LBBW analyst Stefan Borscheid said he expects Deutsche Telekom to make a decision by the end of the year.
“Although we believe that options such as an IPO of T-Mobile USA or a straight sale of the business would lead to a better (short-term) share price reaction, we still believe that the search for a (financial or strategic) partner is a much more likely scenario,” he said in a research note.
If Deutsche Telekom does decide it wants to sell the business, which brings in about a quarter of its revenue, there is no obvious buyer even in a fiercely competitive market that may be in need of consolidation.
While the top two U.S. mobile services, Verizon Wireless and AT&T, may have deep enough pockets, many analysts doubt that regulators would let them acquire more market share. Each currently controls about a third of the U.S. market.
Sprint Nextel Corp S.N, the No. 3 U.S. service, which has been struggling to compete, would face even bigger technology hurdles in a deal.
Analysts have cited smaller rivals MetroPCS Communications PCS.N or Leap Wireless LEAP.O as potential merger candidates for T-Mobile USA, but technology issues would also complicate those deals. Leap, however, has hired advisors to consider a potential sale <ID:N01202119>.

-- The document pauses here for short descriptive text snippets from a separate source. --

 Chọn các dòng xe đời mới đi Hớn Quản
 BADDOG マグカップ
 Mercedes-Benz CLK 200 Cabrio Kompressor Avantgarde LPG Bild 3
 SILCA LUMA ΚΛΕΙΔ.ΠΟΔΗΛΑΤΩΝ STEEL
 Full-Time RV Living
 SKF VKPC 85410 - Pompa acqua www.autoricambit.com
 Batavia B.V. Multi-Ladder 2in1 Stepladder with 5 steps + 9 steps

Some U.S. analysts say a full or partial spin-off could put T-Mobile USA in a better spot for a merger with a rival or to run its business more competitively.
“A partial spin could give T-Mobile USA its own currency, with which it could pursue consolidation without dilution,” Bernstein Research analysts wrote in a note.
In the case of a full spin-off, Macquarie’s Cusick says, T-Mobile USA would have more freedom to discount its prices more sharply and compete better for U.S. mobile customers.
But Cusick said an IPO or even a full separation could be difficult in the current wireless market.
The Wall Street Journal, citing people familiar with the matter, said that Deutsche Telekom had talks with potential underwriters, including Deutsche Bank, and expected to make a decision in the coming months.
Shares in the German telecoms provider closed down 0.31 percent at 9.21 euros in Germany.